Aim of the task: Please keep pictures out of the copy, and print exactly the lines from the one containing "袁弘曬與張歆藝泳池接吻照！2歲兒子沒穿衣服，惹網友們議論紛紛" through the end of the records.

=== Given data ===

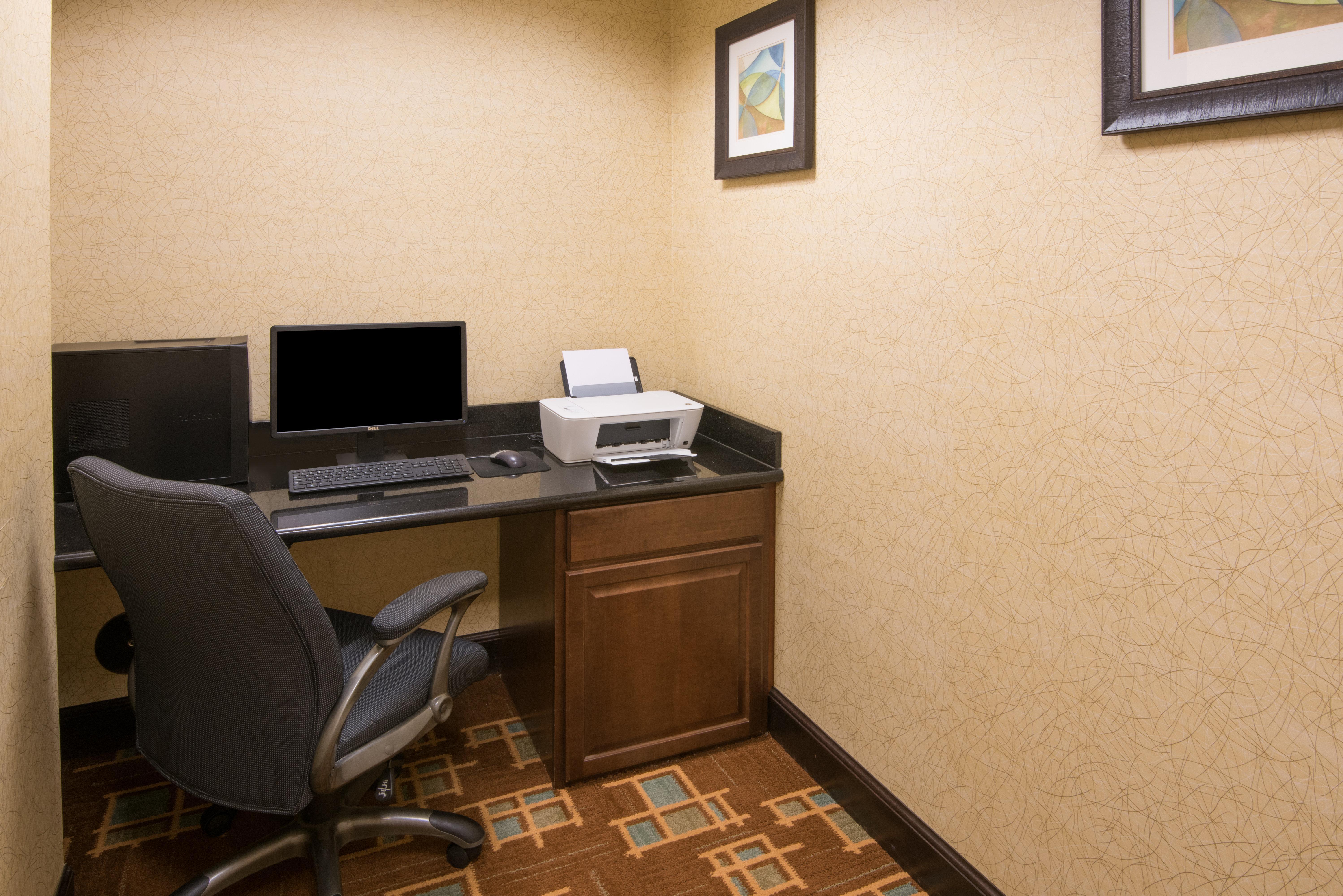 Holiday Inn Express Hotel & Suites Wauseon By Ihg Bagian luar foto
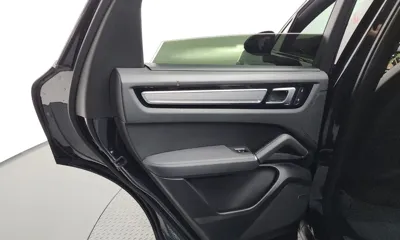 Porsche Cayenne 2022, 61000 км, за 59609.15 USD - фото 25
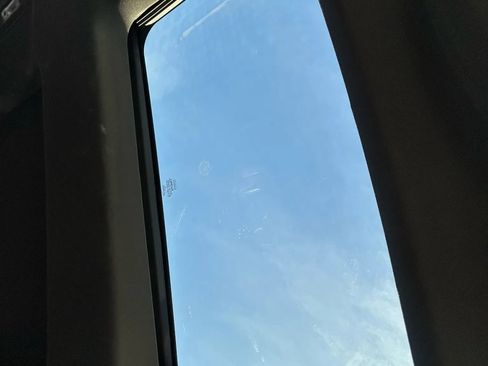 Used 2013 Ford Explorer Limited image 23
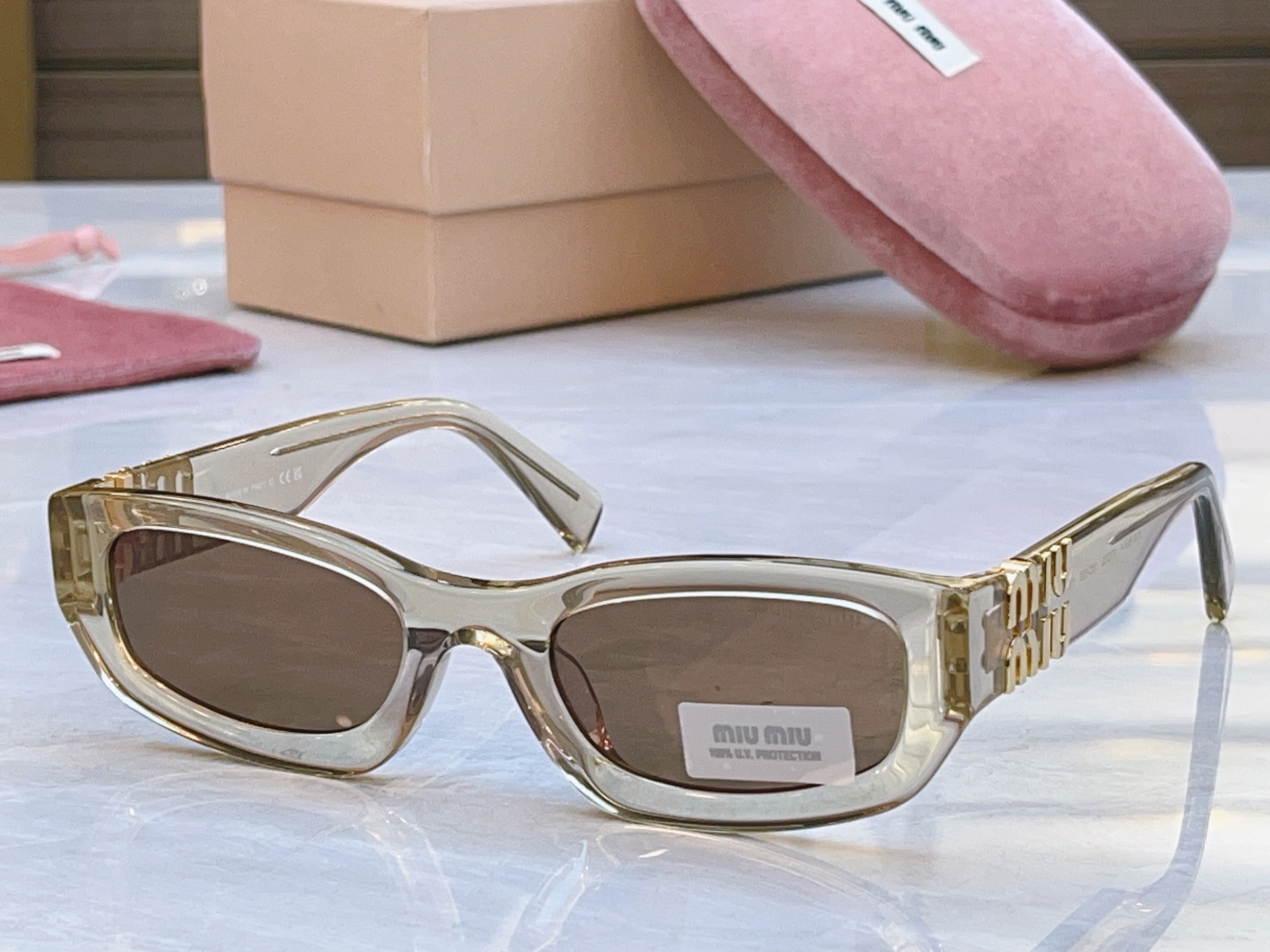 ，【MIUMI*】缪*缪新款太阳镜🕶️，Mod:SMU B04-F，SIZE:53口22-135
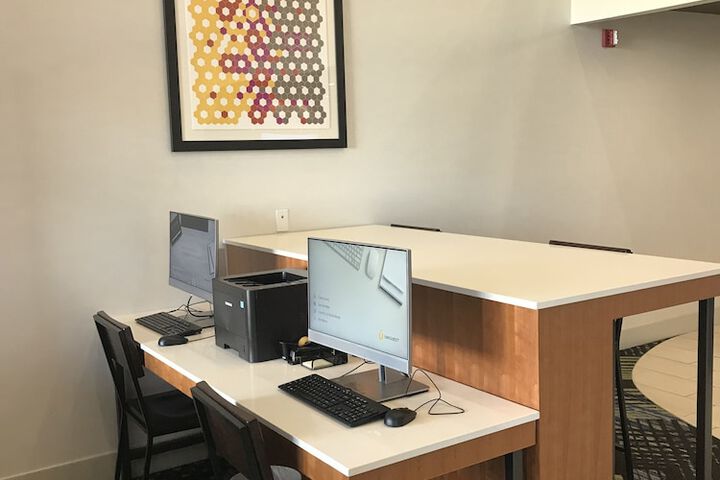 Business Center 34 of 34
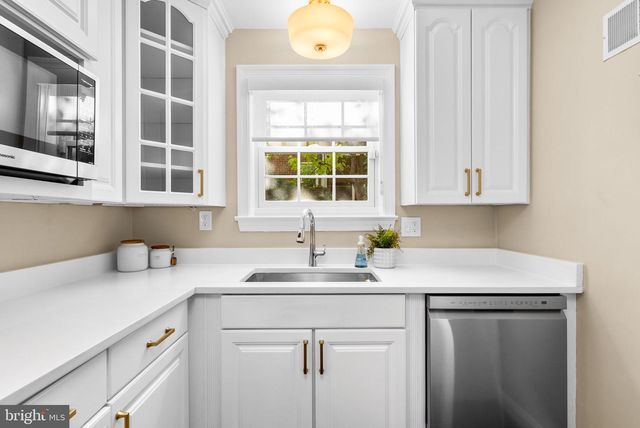 315 HILLMOOR DR, Silver Spring, MD 20901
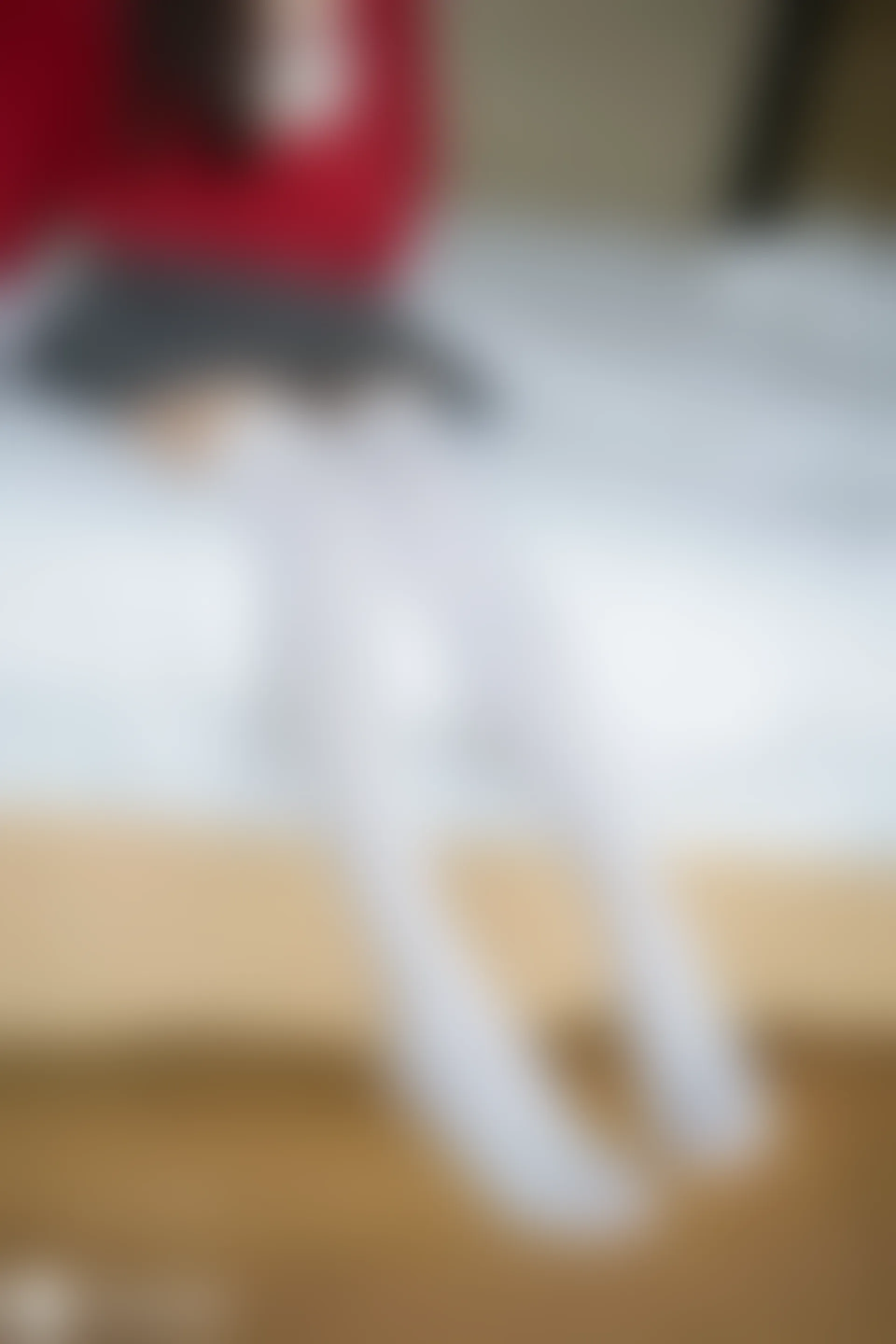 D51.003 红色T恤和白丝 [40P-84MB]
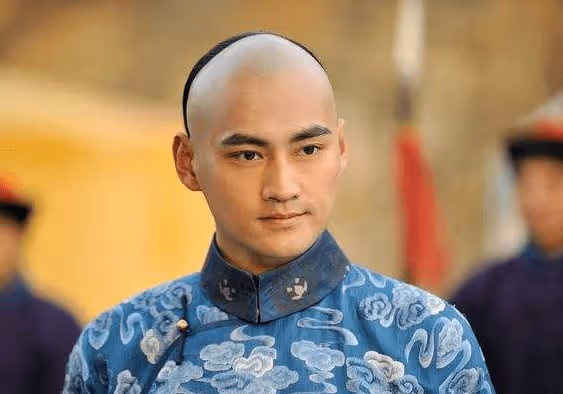 袁弘曬與張歆藝泳池接吻照！2歲兒子沒穿衣服，惹網友們議論紛紛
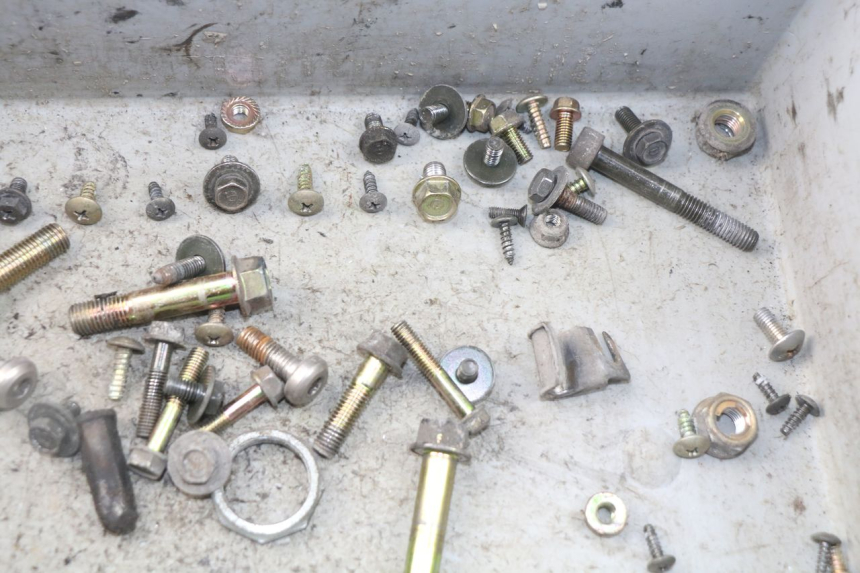 photo de SAC VISSERIE VIS KYMCO LIKE 4T 50 (2009 - 2018) - Autre angle de vue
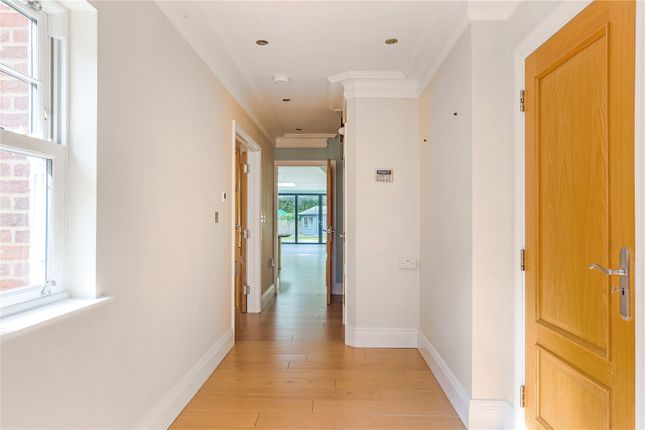 1A, Roundwood Park, Hertfordshire photo 2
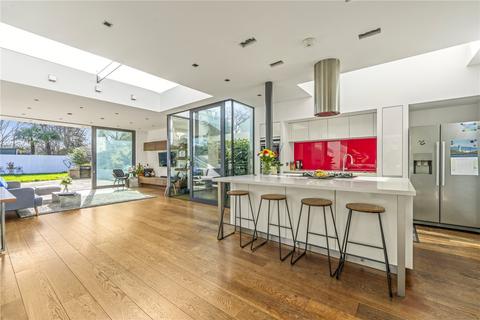 4 bedroom terraced house for sale, The Green, Twickenham, TW2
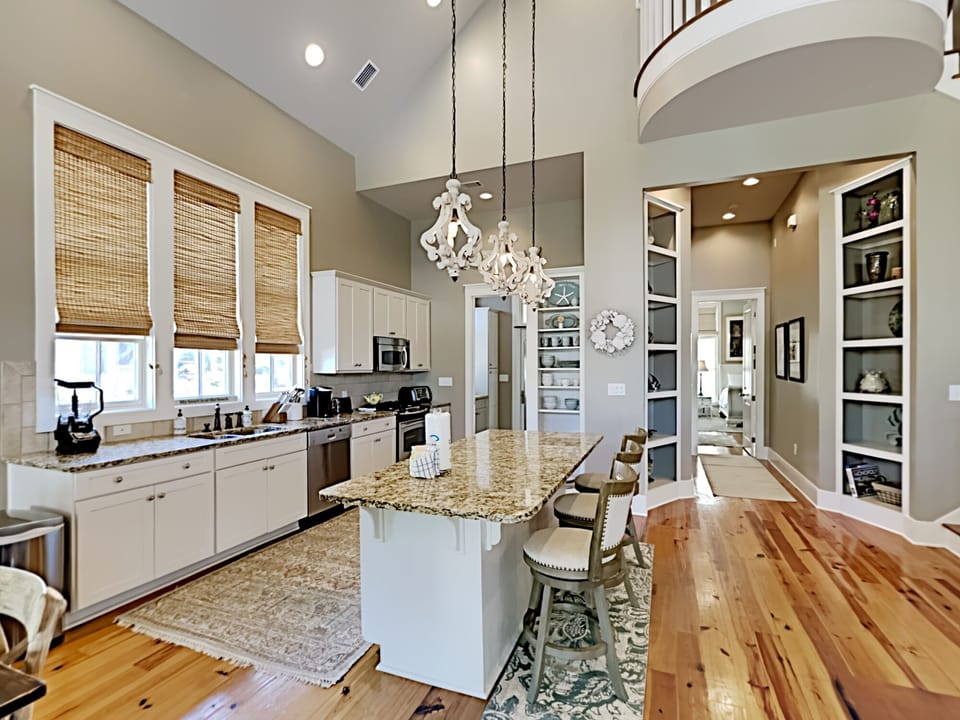 House, Multiple Beds, Kitchen, Garden View | Private kitchen | Fridge, microwave, oven, stovetop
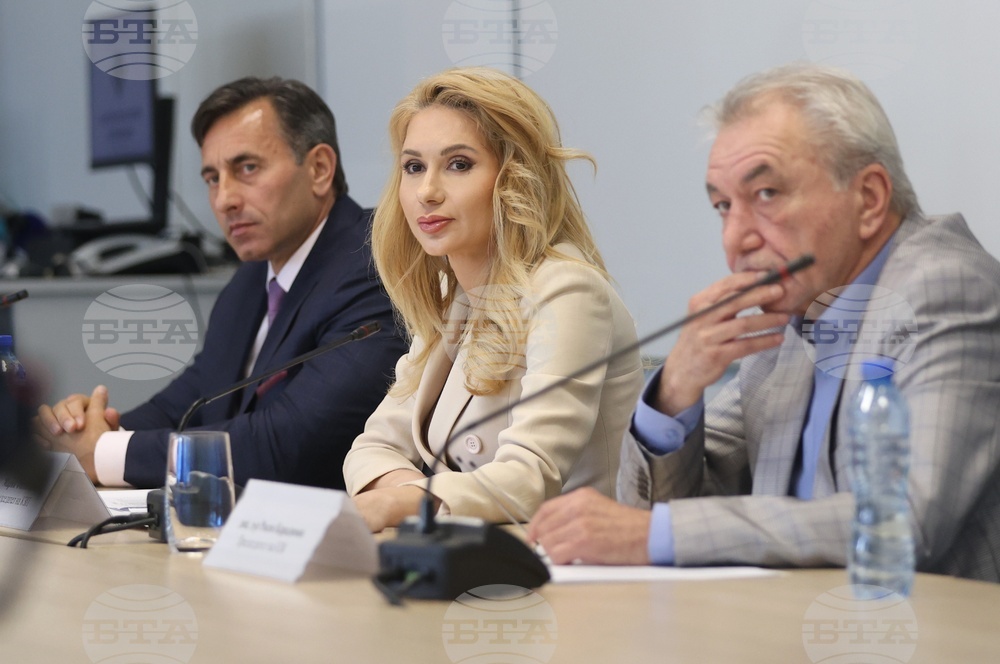 Търговците отказват на КЗП регулярна информация за цените на стоките, защото не са задължени, съобщи Мария Филипова в НС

===

Answer area:
 袁弘曬與張歆藝泳池接吻照！2歲兒子沒穿衣服，惹網友們議論紛紛
 photo de SAC VISSERIE VIS KYMCO LIKE 4T 50 (2009 - 2018) - Autre angle de vue
 1A, Roundwood Park, Hertfordshire photo 2
 4 bedroom terraced house for sale, The Green, Twickenham, TW2
 House, Multiple Beds, Kitchen, Garden View | Private kitchen | Fridge, microwave, oven, stovetop
 Търговците отказват на КЗП регулярна информация за цените на стоките, защото не са задължени, съобщи Мария Филипова в НС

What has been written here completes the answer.